First, note that the verse begins with “finally”. This is the conclusion of the entire instructional section of the letter – after this, Paul moves on to wrap up some personal details and then concludes the epistle. The sense is, “after everything I’ve written, let me sum it all up with one closing exhortation …”
Second, some lists in Scripture are primarily meant to distinguish several categories from each other; other lists in Scripture are used to make the same point again and again in different terms, strengthening its impact. The list here – whatever is true, whatever is honorable, etc – seems to be the second type. Paul isn’t giving us eight different standards here; he is giving us one standard restated eight different ways to strengthen the meaning.
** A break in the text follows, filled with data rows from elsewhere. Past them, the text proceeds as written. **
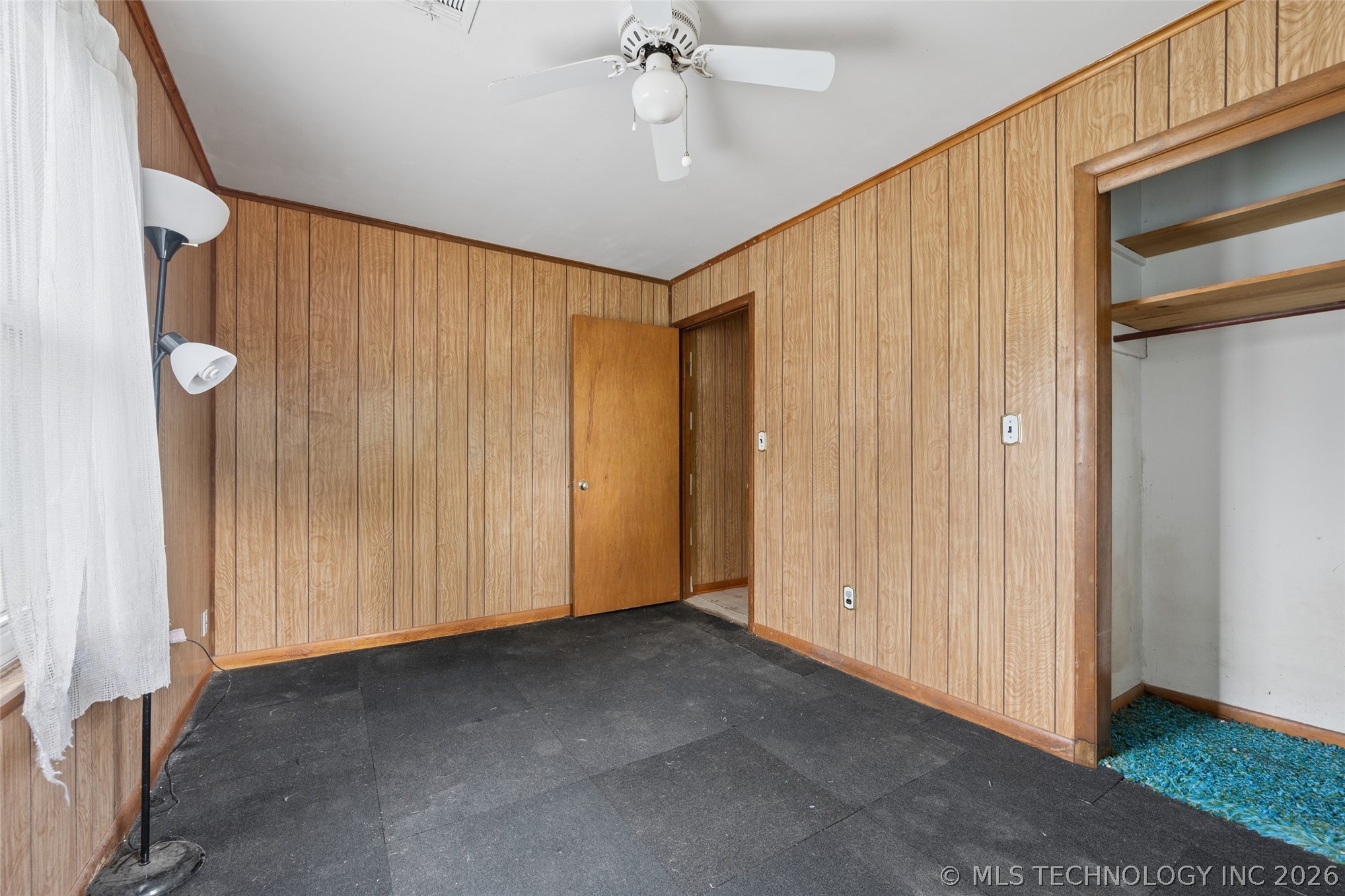 611 W 6th Street Property Photo 16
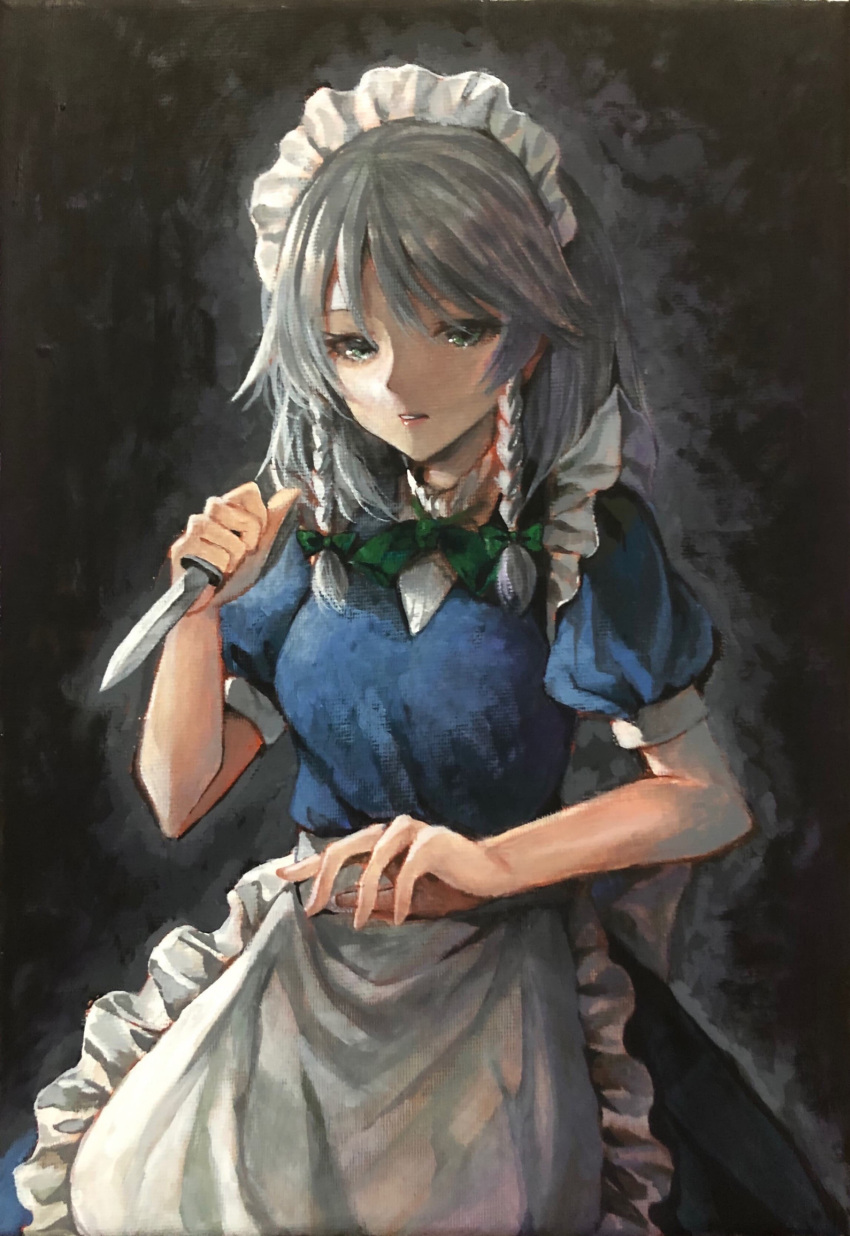 1girl absurdres apron bangs blue_dress bow bowtie braid breasts commentary_request cowboy_shot dark_background dress eyebrows_hidden_by_hair green_bow green_bowtie green_eyes grey_background grey_hair hair_bow hair_ribbon hands_up highres holding holding_knife izayoi_sakuya kaede_(mmkeyy) knife long_hair looking_at_viewer maid maid_apron maid_headdress medium_breasts painterly parted_lips puffy_short_sleeves puffy_sleeves ribbon short_sleeves side_braids simple_background solo teeth touhou tress_ribbon twin_braids waist_apron white_apron white_headwear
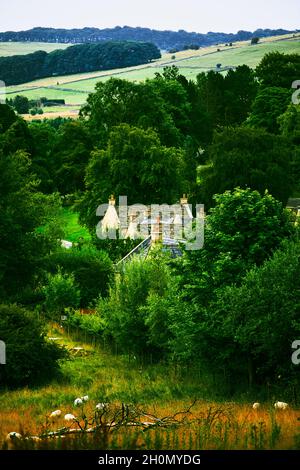 Dächer von Häusern im Pestdorf Eyam, Peak District National Park, Derbyshire, England Stockfoto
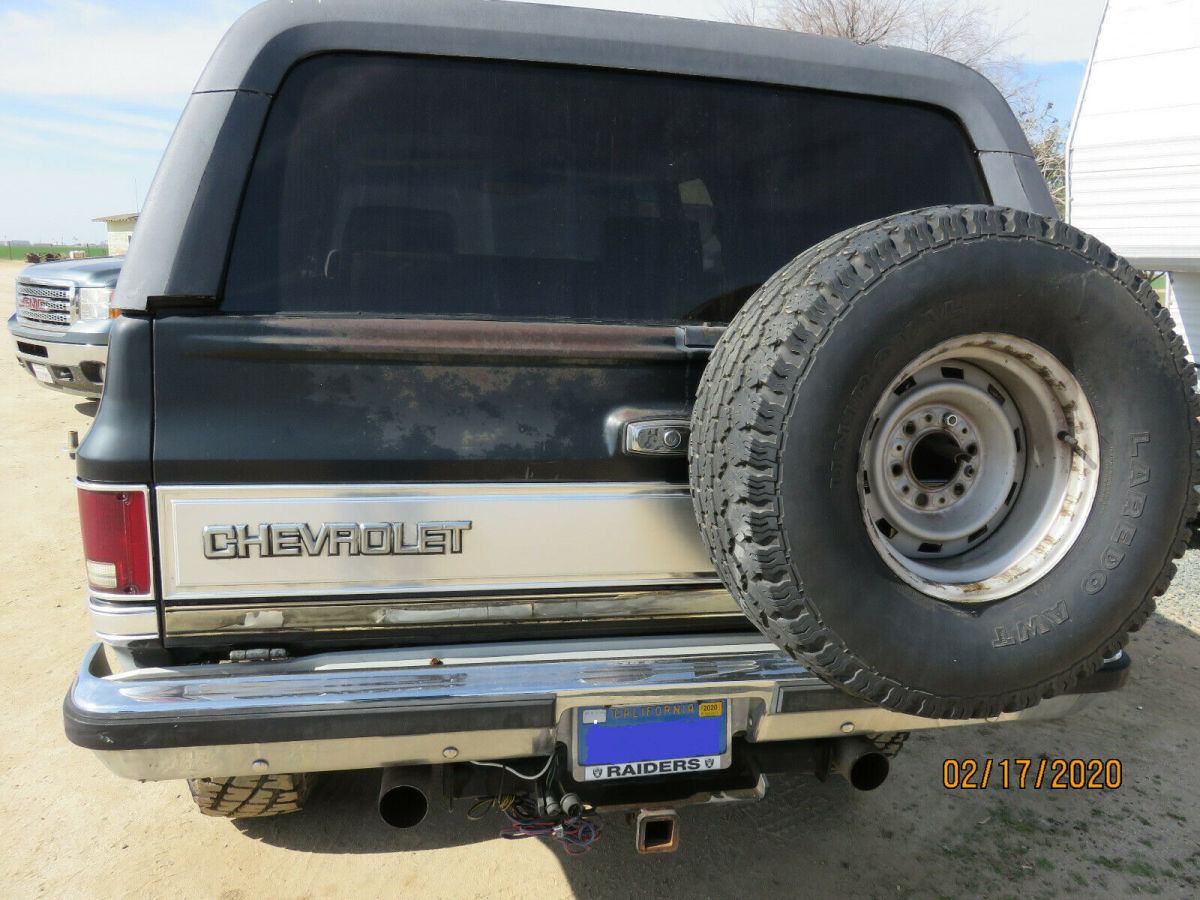 1984 Black Chevrolet Blazer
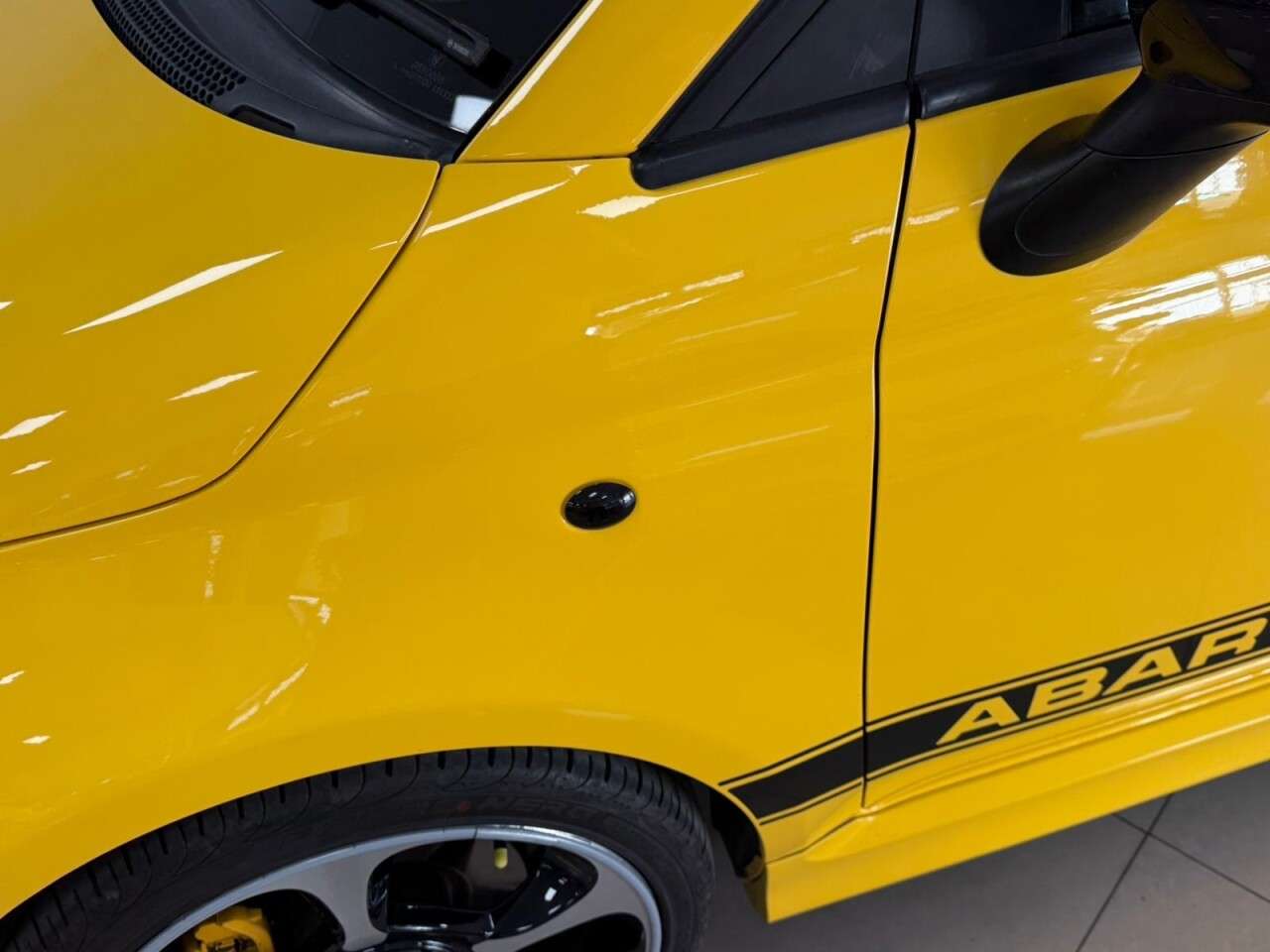 2017 ABARTH 595C 2017 ABARTH 595C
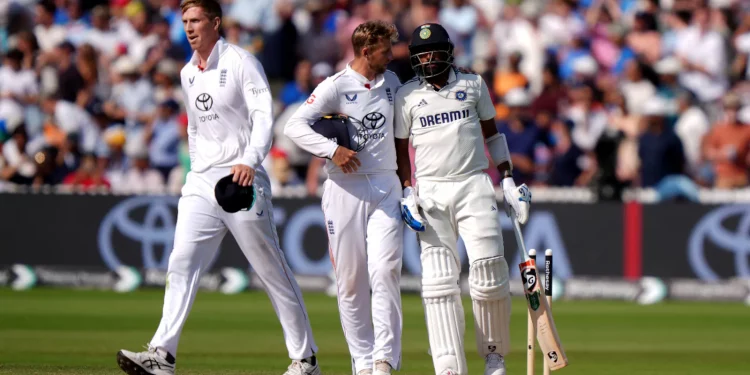 'He thought Siraj would smash three sixes' - Ashwin shares father’s remark during Lord’s Test 1 'He thought Siraj would smash three sixes' - Ashwin shares father’s remark during Lord’s Test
Third, the point of the whole list is to look for what is good. The emphasis of the list is that anything that is good should count. “Whatever … whatever … whatever … whatever … whatever … whatever … if there is any … if anything…” I believe this passage is not talking about using verse 8 as a filter, passively, for the thoughts that happen to occur to us. Rather, he is telling us pursue what verse 8 talks about: we are to actively search for things that meet the criteria. I think he is saying, “Look for anything that is worth imitating, and ponder it.”
Fourth, consider how verse 8 relates to verse 9. If verse 8 means to actively search for what is good, verse 9 is a very logical follow-up. He says, “Look for what is good around you. And don’t forget to think about my example too. Follow it as much as possible.”
So here is how I propose we look at it. Paul started the book by praying that they would grow in loving discernment, so that they might approve the things that are excellent (Philippians 1:9-10; compare Romans 12:2). Then he gave them four chapters of excellent instructions to follow. Finally, he encouraged them not to stop there. “Look for anything you can find that is good,” he said, “including my own example. Ponder those things, and imitate them. As you do so, God will be with you to guide and bless you.”
How does this blend with the GIGO model? Unlike the last two passages we considered, this passage really is directed toward individual thoughts, not whole systems of belief. As such, it supports that aspect of the GIGO teaching that says we need to keep our conscious thoughts focused on what is godly. It differs from the GIGO model, however, in that it is not about protecting our thoughts by keeping out what is bad so much as filling our mind with what is good. The danger Paul has in mind is not that we would let in something we shouldn’t, but that we would overlook something we should have spent time thinking about.
So much for the most common passages used to teach the GIGO theory. I’m still considering where to go next in the series, but there is a lot more to say. I want to look at a couple of verses that directly counter certain aspects of the GIGO model; I’d like to look at a couple of other passages that I believe provide stronger support for the model than the ones usually used to support it; and I’d like to get more specific about what I suggest as an alternative.